Success of a Handover [2:40]

Handover can be an extremely rewarding part of the project as you hand over the project to its owners. Sometimes, however, it can be easy to hand over a project to its owners without giving them the information they need to make it a success. In this case, something you’ve worked hard on can become a complete failure, because if your project doesn’t work how it’s supposed to, it’s not a successful.

Who are you handing it over to [5:00]

The first step in a successful handover is knowing who this project is for. This can be a product owner, a department, a customer, a consumer- whatever the case, you and the future owners need to be absolutely clear about ownership. This clear owner can be difficult to define in many cases, but it’s never too early in the project to define it.

Your future owners need to be involved to some degree in the project- they should know what’s coming, and feel included. Even if their degree of involvement is small, their ability to feel like they have a say in the product is important to creating the expected product.

Project Care [8:09]

Do the future owners know how to maintain and use this project in the future?

You need their operational constrains and requirements- that is, the team’s ability to manage and support the tool. The project/product needs to make sense in the context of the skills of the owners. They need to have time to prepare for this project, whether that requires extra time, training, or resources.

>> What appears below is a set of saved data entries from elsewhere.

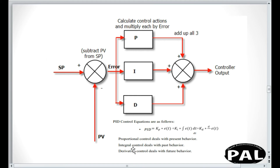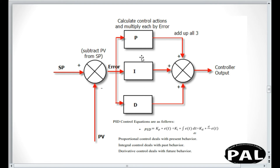Proportional control deals with the present behavior, integral control deals with past behavior, and derivative control deals with future behavior. P is the present value, I is your past or set value, and D is the future or action value. When you actually need your machine or devices to reach an exact desired point — your future point — you apply the derivative system. I hope you understand: P for present, I for past (set value), and D for your future or action values.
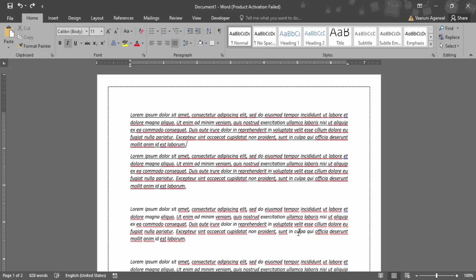In this video, we are going to see how can we replace text in Microsoft Word. Suppose you are in a situation where you have prepared your whole document and you have realized later on that you have made multiple spelling mistakes.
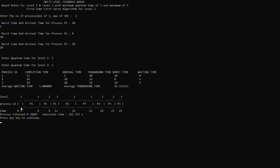At time 0 there are no processes that have arrived yet, so it is idle. At time 1, process 1 arrives and it is finished at time 6, since the quantum time of the first level is 5. After it finishes, the next process arrives at time 10, and since no process has arrived yet at time 6, it will continue to level 2 and will start at time 6 and be finished at time 9.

Reaching out to them early to invite them to be an active participant in the project can go a long way, and prevent the owners from feeling like they had a project dumped on them they don’t know what to do with. Building good relationship with your operational people will serve you well in project handoff.

The Importance of Roles and Responsibilities [12:54]

Be sure to outline very clearly what you versus the operational team are responsible for. This is especially true in very large projects. Not doing so can lead to operational teams pushing for your team to do the bulk of this work.

Understanding how your organization budgets for this is important as well, as some companies prefer to allocate more budget to operational implementation in the project itself. Therefore, know how your budget is expected to support operational costs, or if it supposed to at all.

Benefit Realization [15:50]

How will the organization measure or track the benefit the project was expected to give?

This can drive additional requirements you didn’t account for; you may need, for example, to build another mechanism to track how successful the project is. It’s important to understand what metrics they’re looking for, and if there’s anything you have to do to make this trackable.

The Handover [17:33]

In your planning, it’s critical to track what this handover looks like, and who is in charge of what. This could include:

  • formal change management approvals
  • operational acceptance testing
  • operational documentation or processes
  • creating or developing maintenance processes/tools
  • operational staff training
  • building a new service

Goodbye [19:40]

You need to identify when and how you should say goodbye. At some point, the project will have to leave, and you need to clearly define this, or you could be in a situation where you are helping maintain a project for far too long. Project close documents can help out with this, as well as your RAID log and scope documents- these are all pieces of documentation that help build the case and expectation for handoff.

Whenever possible, have the operational team take front line customer facing support from the second the project is in customer use. This way, the project team can help the operational team, rather than the end users.

Recap [25:11]

We defined who will own your project baby. Then we made sure that they knew how to care and feed for it, made sure there as some sort of metering of benefits, and created a crisp handover.

Key Probing Questions [25:50]

  • Who owns this when we are done?
  • Are they equipped to take this on and maintain it in a way that gets the expected value out of it?
  • How and when will we make the handover – EXACTLY?
  • Are the acceptance criteria of the future owners (operations) accounted for?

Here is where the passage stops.